EXERCISE BRIEF: A verbatim copy of the data is wanted, minus any picture in it.
*** Begin section ***
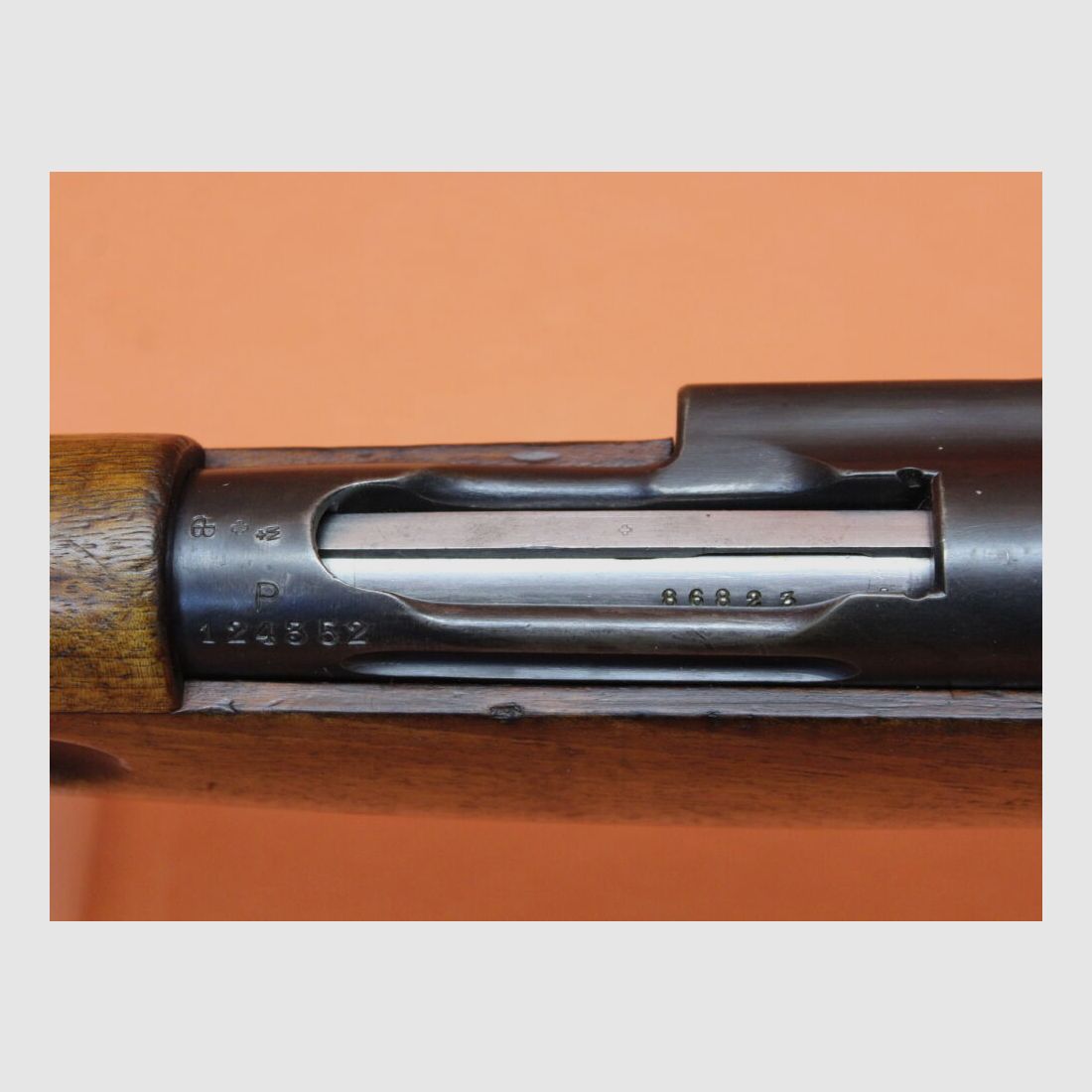 W+F (Waffenfabrik Bern) Rep. Fusil 7,5x55 W+F (Waffenfabrik Bern) K.11 Système Schmidt-Rubin K1911, canon de 59cm/ Suisse, image 3 sur 7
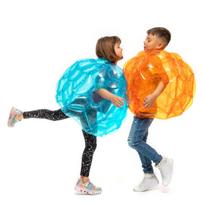 Milžiniškas pripučiamas burbulinis kamuolys Bumpoy InnovaGoods, 2 vnt.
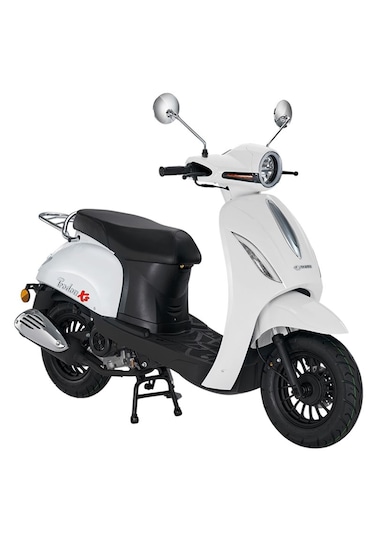 Kanuni Trodon SX 125 2023 Model Motosiklet Beyaz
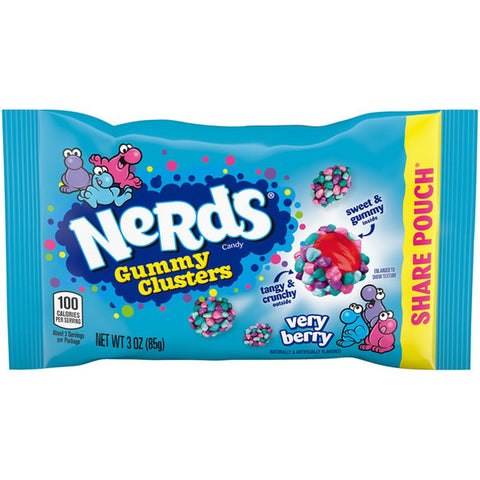 Nerds Gummy Clusters (Very Berry)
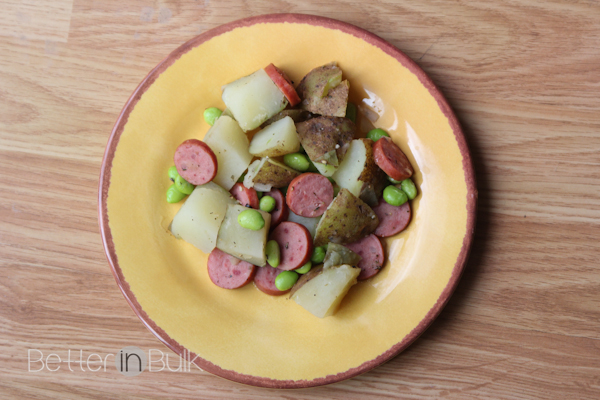 kielbasa and potatoes 15MinuteSuppers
*** End section ***
RESULT OF THIS TASK:
 W+F (Waffenfabrik Bern) Rep. Fusil 7,5x55 W+F (Waffenfabrik Bern) K.11 Système Schmidt-Rubin K1911, canon de 59cm/ Suisse, image 3 sur 7
 Milžiniškas pripučiamas burbulinis kamuolys Bumpoy InnovaGoods, 2 vnt.
 Kanuni Trodon SX 125 2023 Model Motosiklet Beyaz
 Nerds Gummy Clusters (Very Berry)
 kielbasa and potatoes 15MinuteSuppers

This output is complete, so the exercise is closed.